My Department has not carried out an audit of the cost to small business of compliance with tax and other regulations. A study of the compliance costs of PAYE was undertaken on behalf of the then Department of the Public Service in 1984. One of the key findings of the study was that these were regressive with smaller firms incurring proportionately higher costs.
On the basis of a survey of 119 enterprises, the study estimated that the gross compliance cost was approximately 4 per cent of the total PAYE liability for firms with fewer than 25 employees but just under 1 per cent for firms with over 400 employees.
The administrative burden on small business under the tax code and other regulations is one of the main issues being considered by the Task Force on Small Businesses. The task force is due to report later this month and it would be premature to comment on the areas in which deregulation might take place in advance of the receipt and evaluation of its proposals.

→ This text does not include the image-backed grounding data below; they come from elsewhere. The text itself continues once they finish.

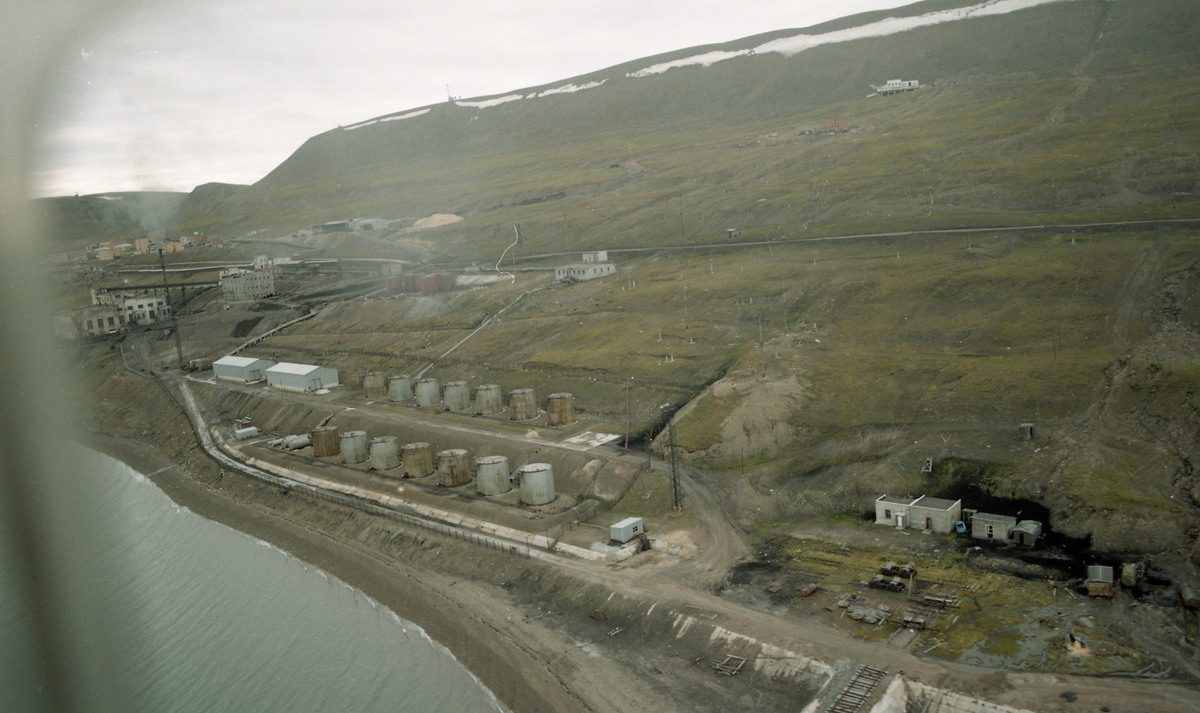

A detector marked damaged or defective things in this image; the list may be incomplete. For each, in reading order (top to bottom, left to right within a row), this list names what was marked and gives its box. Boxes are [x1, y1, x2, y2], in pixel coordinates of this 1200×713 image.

rusty storage tank [360, 369, 384, 396]
rusty storage tank [393, 372, 417, 398]
rusty storage tank [417, 376, 446, 405]
rusty storage tank [444, 379, 470, 408]
rusty storage tank [472, 386, 501, 412]
rusty storage tank [508, 386, 537, 420]
rusty storage tank [549, 391, 576, 424]
rusty storage tank [312, 424, 340, 458]
rusty storage tank [340, 429, 367, 463]
rusty storage tank [367, 436, 400, 468]
rusty storage tank [403, 439, 436, 477]
rusty storage tank [432, 446, 468, 484]
rusty storage tank [475, 456, 513, 494]
rusty storage tank [516, 463, 552, 501] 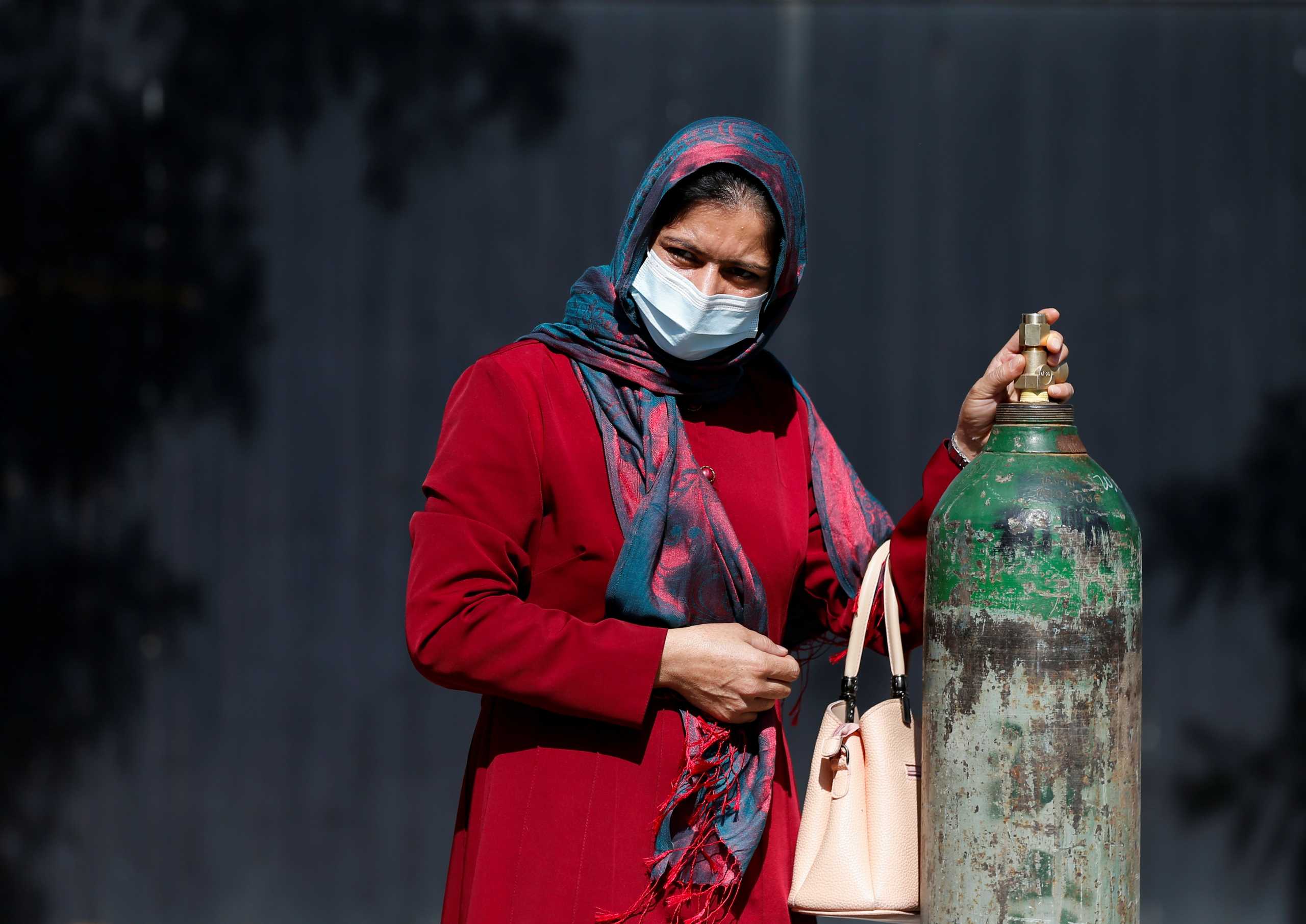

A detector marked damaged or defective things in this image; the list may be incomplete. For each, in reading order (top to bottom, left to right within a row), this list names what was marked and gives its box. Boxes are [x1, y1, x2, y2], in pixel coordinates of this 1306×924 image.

In his budget speech, the Minister for Finance announced a number of measures designed to reduce the administrative burden on small businesses under the tax code. These include the introduction of a single tax registration form, a single tax clearance certificate and the revising of VAT thresholds. As the Minister for Finance acknowledged, these measures broadly follow recommendations made in the task force's budget submission.
In 1989 the University of Bath conducted a study which arrived at the conclusion that compliance costs on traders were just under £8 per £1,000 of goods sold. In companies with a turnover in excess of £10 million it estimated that the compliance costs were about 3p per £1,000 of goods sold. These are tentative figures and I am not sure whether they are useful statistics.